[Items listed in a dataset]
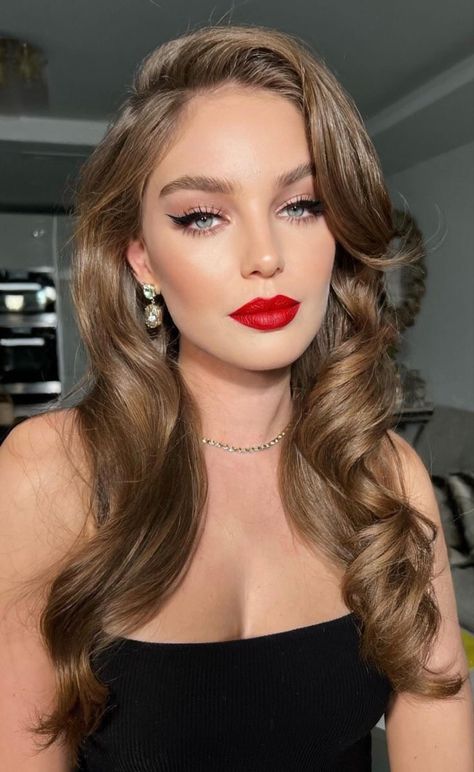 Red Lips Makeup Look, Wedding Hairstyles And Makeup, Red Lip Makeup, Glam Looks, Red Lipstick, Wedding Hair And Makeup, Prom Makeup, Makeup Eyeliner, Glam Makeup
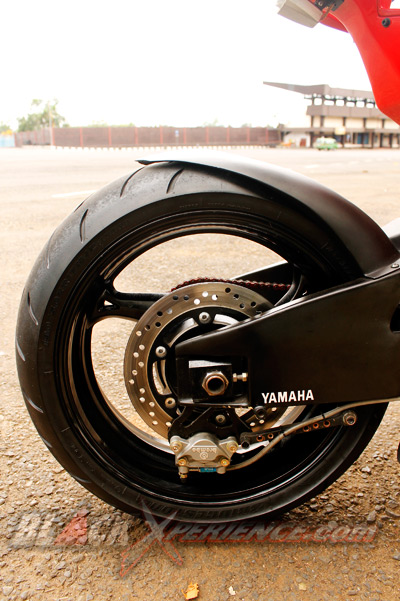 Jupiter Z Adopsi Red Devil Style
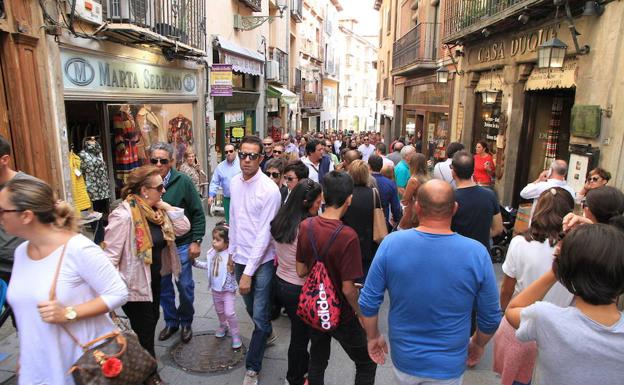 Segovia duplica los turistas en el puente del pilar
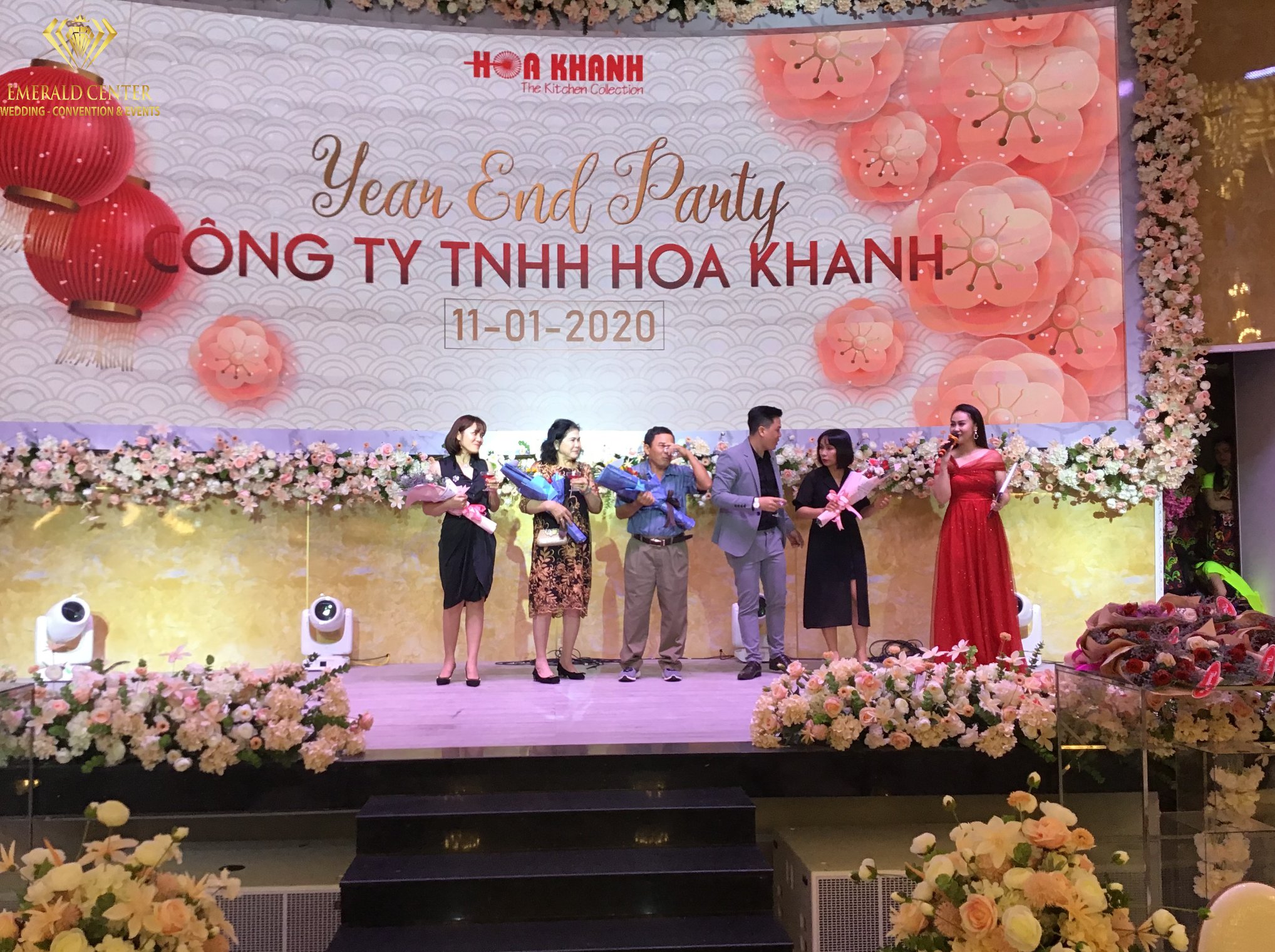 Nhà Hàng Tổ Chức Tiệc End Year Party Tại Nha Trang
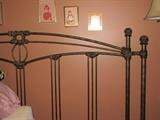 KING METAL HEADBOARD / FOOTBOARD & FRAME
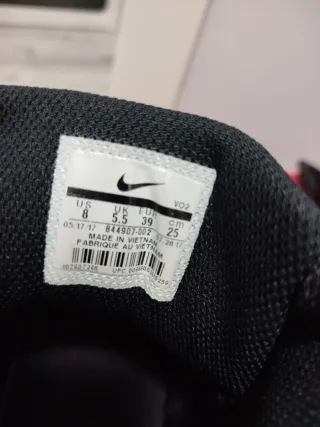 Zapatillas Nike Negras y Doradas Talla 39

**Assignment:** Emit the lines of the data above from the one containing "Jupiter Z Adopsi Red Devil Style" through its final line, both endpoints included. Pictures do not belong in the output.

**Task output:**
 Jupiter Z Adopsi Red Devil Style
 Segovia duplica los turistas en el puente del pilar
 Nhà Hàng Tổ Chức Tiệc End Year Party Tại Nha Trang
 KING METAL HEADBOARD / FOOTBOARD & FRAME
 Zapatillas Nike Negras y Doradas Talla 39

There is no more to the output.